Sunday, May 13, 2007

Here's an idea

Read a poem. Then write directions for someone else to create a contemporary version of that poem. Focus on technical and thematic issues in your directions.

For example, take this Dickinson poem:

I dreaded that first robin so,
But he is mastered now,
And I ’m accustomed to him grown,—
He hurts a little, though.

I thought if I could only live
Till that first shout got by,
Not all pianos in the woods
Had power to mangle me.

I dared not meet the daffodils,
For fear their yellow gown
Would pierce me with a fashion
So foreign to my own.

I wished the grass would hurry,
So when ’t was time to see,
He ’d be too tall, the tallest one
Could stretch to look at me.

I could not bear the bees should come,
I wished they ’d stay away
In those dim countries where they go:
What word had they for me?

They ’re here, though; not a creature failed,
No blossom stayed away
In gentle deference to me,
The Queen of Calvary.

Each one salutes me as he goes,
And I my childish plumes
Lift, in bereaved acknowledgment
Of their unthinking drums.

***

Some directions might be:

1. Write a poem about an unexpected feeling caused by a shift in the seasons.

2. Use four line stanzas

3. Use half-rhyme.

4. Use highly imagistic language.

5. Use medium length lines.

6. Connect the change in season to an animal.

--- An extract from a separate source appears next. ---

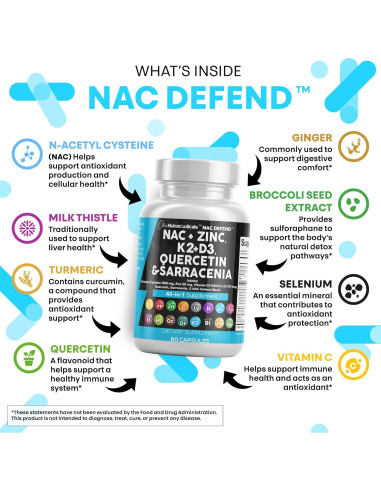 Suplemento NAC 1000mg Clean Nutraceuticals D3 K2 Zinc Quercetina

7. Connect the change in season to something sacred.

8. The poem should trace the process through which the speaker of the poem comes to term with his/her feelings and therefore comes to terms with the season.

9. Write a poem that understands how the changes in season are connected to life, but that doesn't understand why and wonders.

10. Use the words "foreign," "stretch," and "salute."

***

Try to get at least ten or twelve, up to twenty directions.